PROBLEM TO SOLVE >> The lines from the one holding "vidaXL Self Inflating" to the final line of the listing below are to be duplicated exactly, with both ends included and pictures omitted.

INFORMATION PROVIDED >>
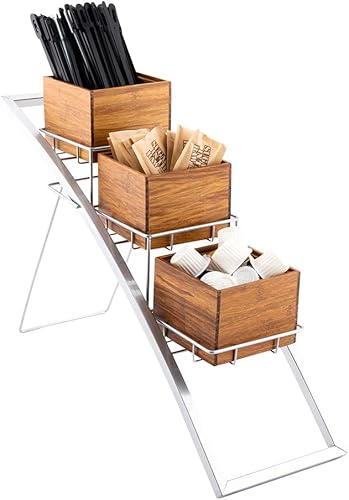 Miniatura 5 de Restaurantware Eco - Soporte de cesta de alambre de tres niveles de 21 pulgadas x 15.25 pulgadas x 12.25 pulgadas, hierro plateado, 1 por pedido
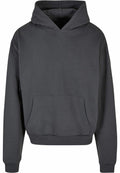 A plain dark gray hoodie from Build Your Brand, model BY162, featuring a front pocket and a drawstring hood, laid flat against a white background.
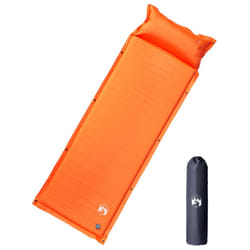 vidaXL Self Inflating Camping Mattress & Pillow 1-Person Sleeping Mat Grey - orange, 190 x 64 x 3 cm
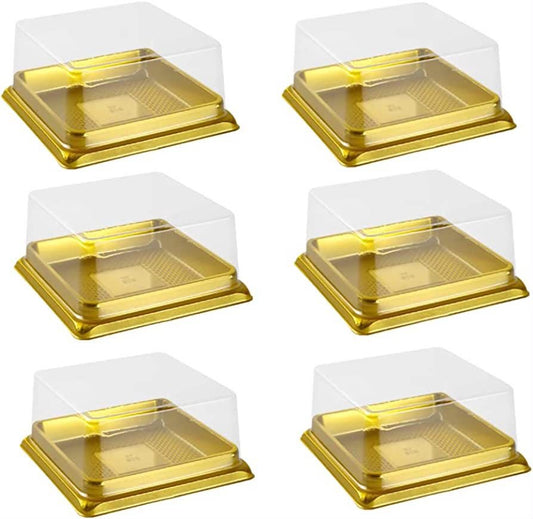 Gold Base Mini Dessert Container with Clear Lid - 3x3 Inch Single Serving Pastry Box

TASK RESULT >>
 vidaXL Self Inflating Camping Mattress & Pillow 1-Person Sleeping Mat Grey - orange, 190 x 64 x 3 cm
 Gold Base Mini Dessert Container with Clear Lid - 3x3 Inch Single Serving Pastry Box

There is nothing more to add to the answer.